Our very first visit as an intending couple to my Spiritual Parents was a tough time. The first question that my fiancée (as she then was) was asked made us heave a sigh of relief.
The question was simple but profound, “Has he slept with you?” She responded in the negative. And the next thing was “Tell us now so we can know what to do”.
Paul gave the church profound instructions when it comes to our sexual purity. Paul was not one to hide away from issues that bother on sex.
Paul said to us that “It is God’s will that you keep away from sexual sin as a mark of your devotion to him” (1 Thessalonians 4:3 GW)
Paul also said, “Don’t allow love to turn into lust, setting off a downhill slide into sexual promiscuity…” (Ephesians 5:3 MSG)
What is my point? You must have people in your life who are willing to ‘shake the table’. They must be able to ask you tough questions that will unsettle you. We know you have the Holy Spirit but you also need the Holy Brethren who will ask questions that keep you sane.
Sexual immorality is on the rise and it leaves no one out- preachers, businessmen, sound brothers and sisters. Even the best of men is still a man at his best.

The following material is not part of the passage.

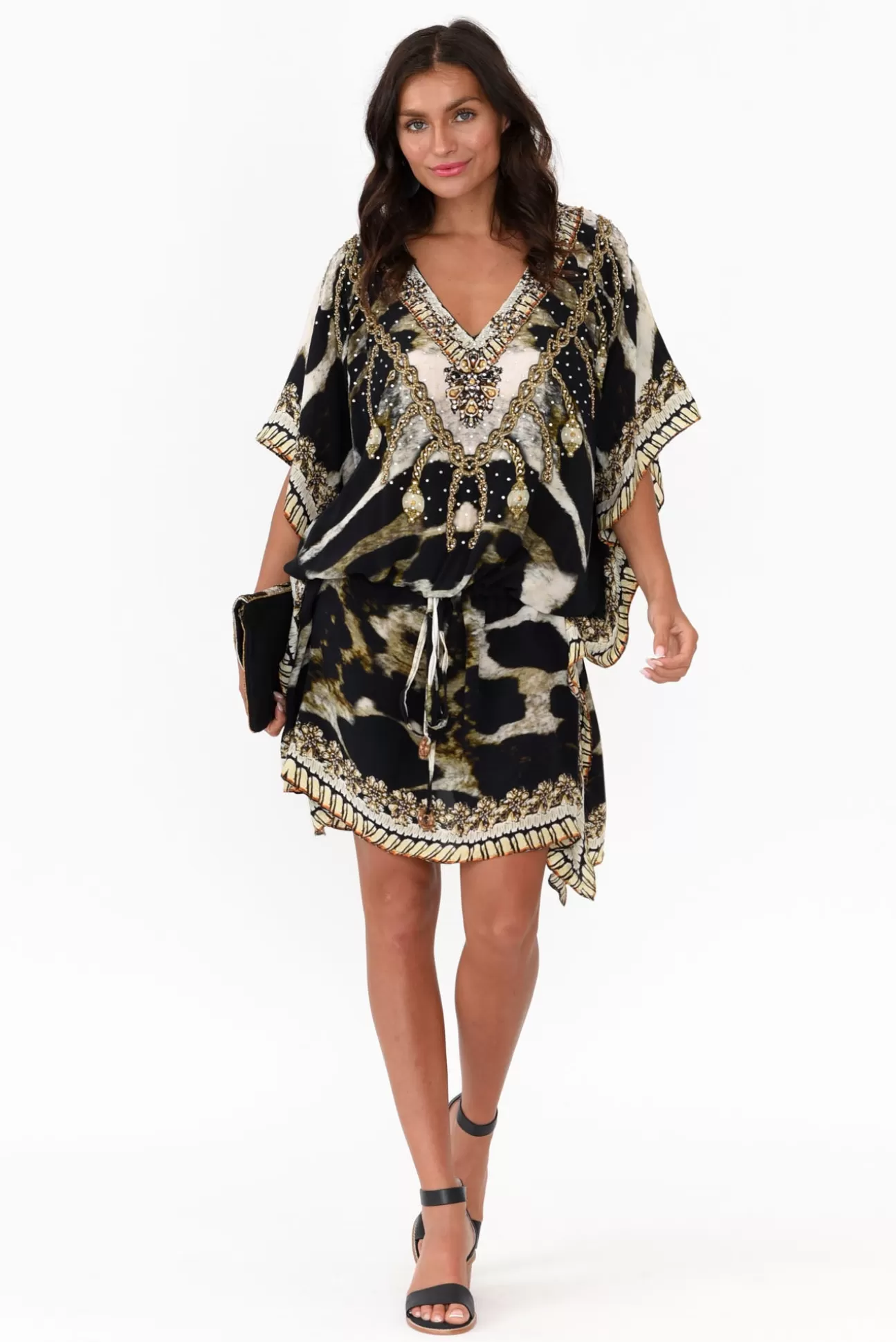 Fashion Spectrum Cougar Brown Drawstring Silk Kaftan Clearance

Sexual sin will creep in mostly when you are in the wrong place at the wrong time. In courtship, sacrifice privacy for purity. Leave “behind closed doors” discussions into a “walk in the field” moment. Talk where people can see you. It is not old school. It is a kingdom sense.
Sexual sin will persist when you have no one who can question your decisions. Think about David- would he have asked to bring Bathsheba if someone he was accountable to was around at that moment? The more anointed you are, the more accountable you must be!
I sense there are people reading this now who are on the edge of a cliff but are blinded by the sexual pleasures. You are already protecting your reputation at the expense of your character and consecration.
You keep praying and asking for grace to stop but the next moment you are back in the same mess. You need to stop and turn around. You are on a downward slope. You may lose the trust of some men but you would have gained restoration and a new beginning with God.
Friends, you are not married until you are married. Stop sliding down the slope of sexual immorality. Sex is God’s gift to be unwrapped in marriage and not courtship.
If you are married, do not be ignorant of the devices of the devil. It is the day you have issues with your spouse that you will get attention from that colleague. They will appear finer than ever. Do not be overconfident.
The standard of God is that you present your entire body as a living sacrifice. If you are the sacrifice, you will need people around you who will use the “sword of God’s Word” to cut you into size.
Do you have such people in your life?